Exercise aim:
Leave out every picture and set down, exactly, the lines below from the one holding "硅(gui)膠水(shui)桮密封圈(quan)" up to and including the one holding "Pixi Beauty Retinol".

Available records:
☆ ☆ ☆ ☆ ☆

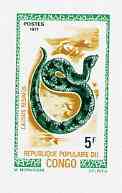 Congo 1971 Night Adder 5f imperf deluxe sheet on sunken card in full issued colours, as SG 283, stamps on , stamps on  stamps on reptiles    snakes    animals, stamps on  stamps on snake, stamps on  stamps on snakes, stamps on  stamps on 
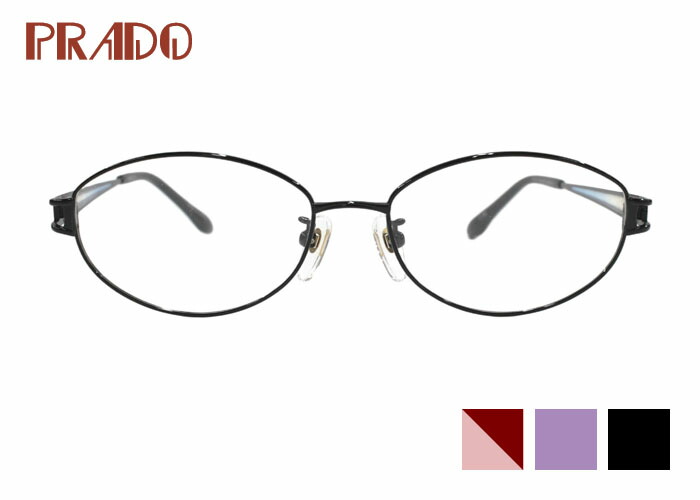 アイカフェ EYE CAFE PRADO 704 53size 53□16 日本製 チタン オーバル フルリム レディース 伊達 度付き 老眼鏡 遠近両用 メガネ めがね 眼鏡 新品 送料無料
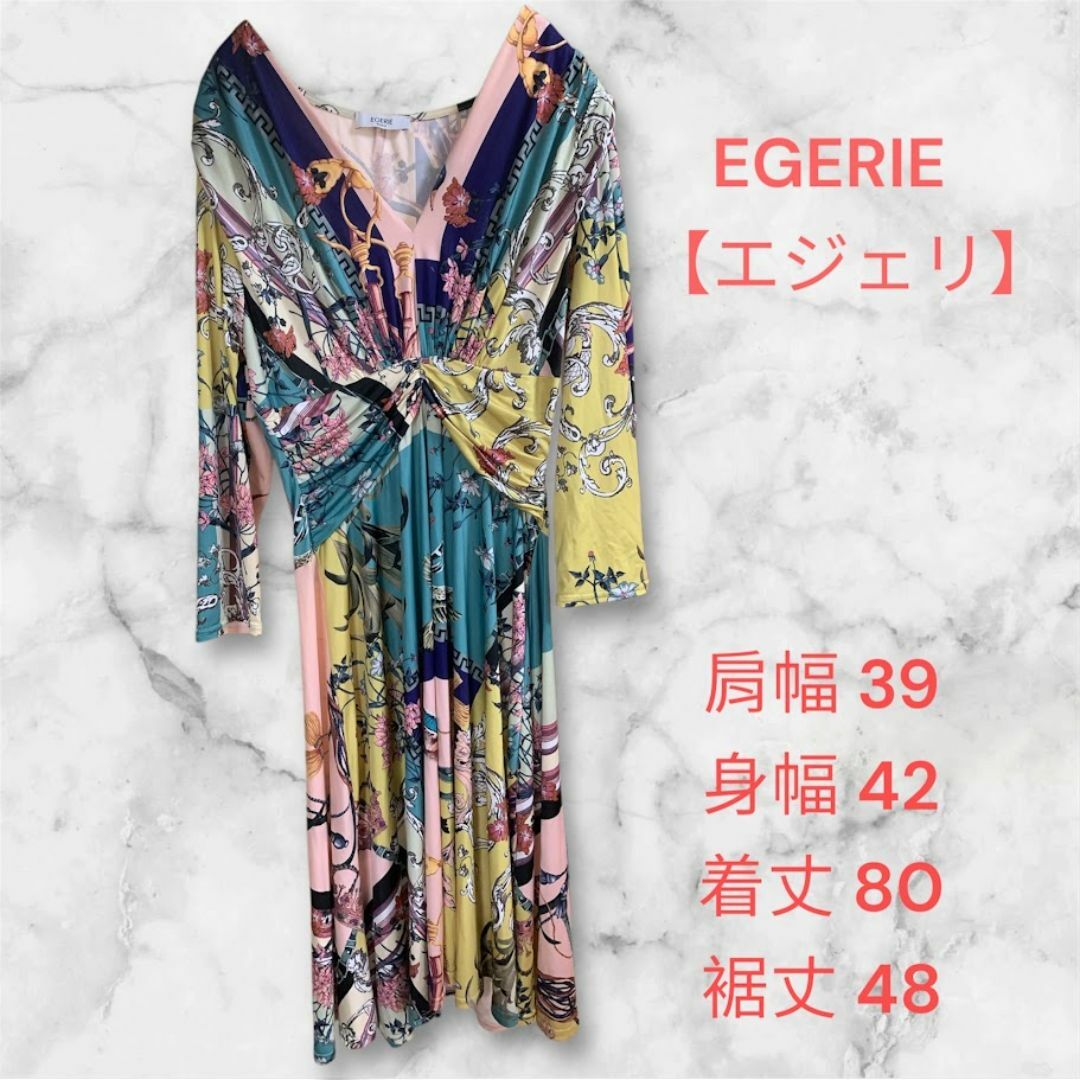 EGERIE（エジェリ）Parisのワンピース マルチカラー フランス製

☆ ☆ ☆ ☆ ☆

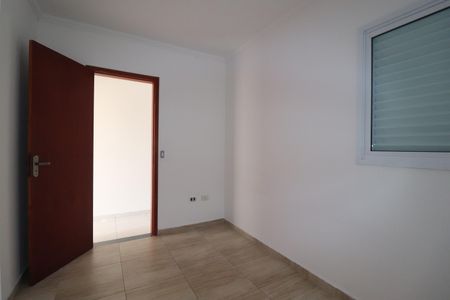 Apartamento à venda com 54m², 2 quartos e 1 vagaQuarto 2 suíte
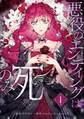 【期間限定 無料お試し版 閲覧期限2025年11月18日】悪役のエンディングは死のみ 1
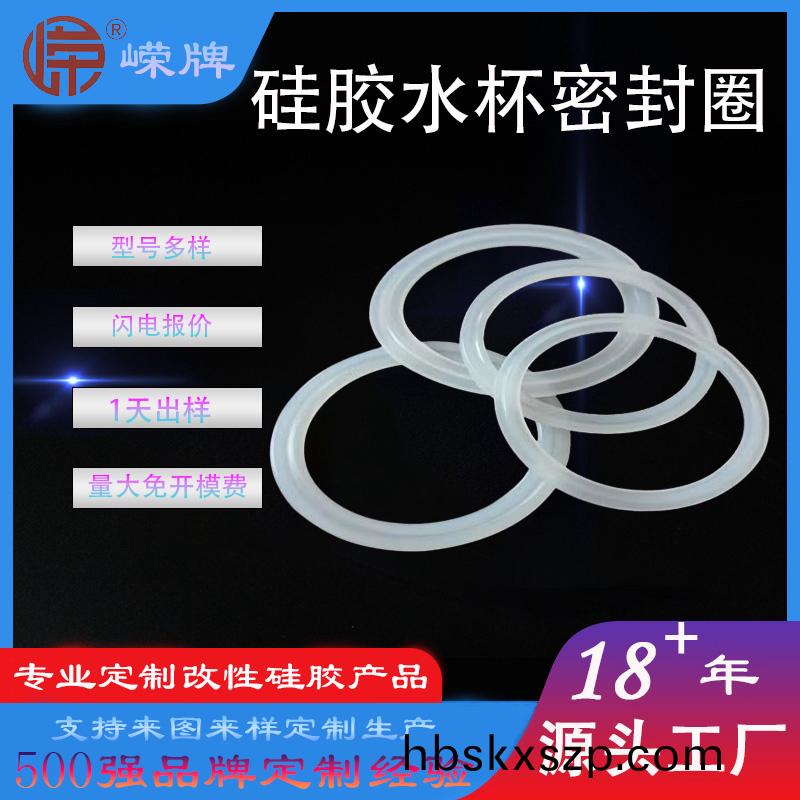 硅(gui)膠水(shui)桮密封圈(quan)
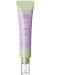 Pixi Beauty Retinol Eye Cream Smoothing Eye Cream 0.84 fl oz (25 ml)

☆ ☆ ☆ ☆ ☆

Written answer:
 硅(gui)膠水(shui)桮密封圈(quan)
 Pixi Beauty Retinol Eye Cream Smoothing Eye Cream 0.84 fl oz (25 ml)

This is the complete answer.